Apart from regular references to equality bodies in the chapter on Equality Data (as regards equality bodies’ need for data for awareness-raising and communication campaigns and their monitoring duties), there is a particular focus on the equality body in Norway.

On 16 June 2017, two new pieces of legislation were adopted by the Norwegian Parliament: one comprehensive Discrimination Act, largely replacing the previous legal framework which was distributed across several different acts; and another Act reorganising the equality bodies. (The Act on Gender Equality and Anti-Discrimination of 16 June 2017, No. 51; and the Act on the Equality and AntiDiscriminationOmbud and the Equality and Anti-Discrimination Tribunal (AOT) of 16 June 2017, No. 50.) Both laws will be in force as of 1 January 2018.

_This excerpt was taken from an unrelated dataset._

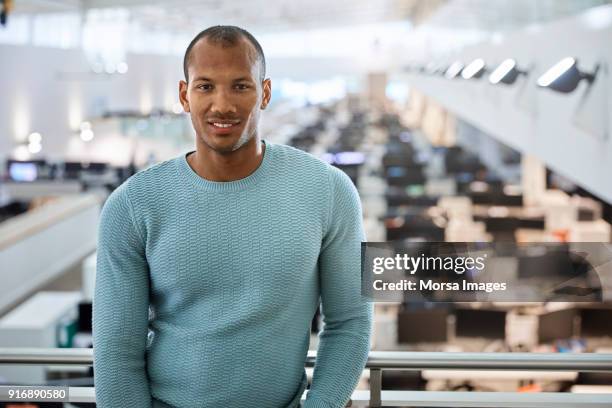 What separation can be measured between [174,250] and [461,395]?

The revised Act regulating the equality body transfers the individual complaint mechanism from the Equality and Antidiscrimination Ombud to the Equality Tribunal. The current role of the Ombud will remain unchanged with regard to proactive promotion of equality and combating of discrimination on the one hand and of monitoring compliance of Norwegian law and practice with obligations pursuant to the CEDAW, CERD and CRPD on the other. The Ombud will also continue to have legal standing to bring discrimination complaints to court on behalf of identified victim(s) or to intervene in legal cases concerning discrimination, as cocounsel or amicus curiae.

The Equality Tribunal will handle individual complaints, as the only administrative complaint mechanism. The Tribunal will be given powers to award redress/compensation for non-monetary damage in cases where a breach of the anti-discrimination legislation is found. A complaint to the Equality Tribunal will interrupt limitation periods for claims, and decisions of the Tribunal will be directly enforceable in cases where compensation has been awarded. The Tribunal will remain a collegial tribunal with no full-time employees, but will be supported by a staff/secretariat of full-time employees who will prepare the cases.

It has been a political decision to relocate the Tribunal secretariat staff to Bergen, which may imply that a number of the current staff may resign, which could be an impediment to the effective functioning of the Tribunal in the short term.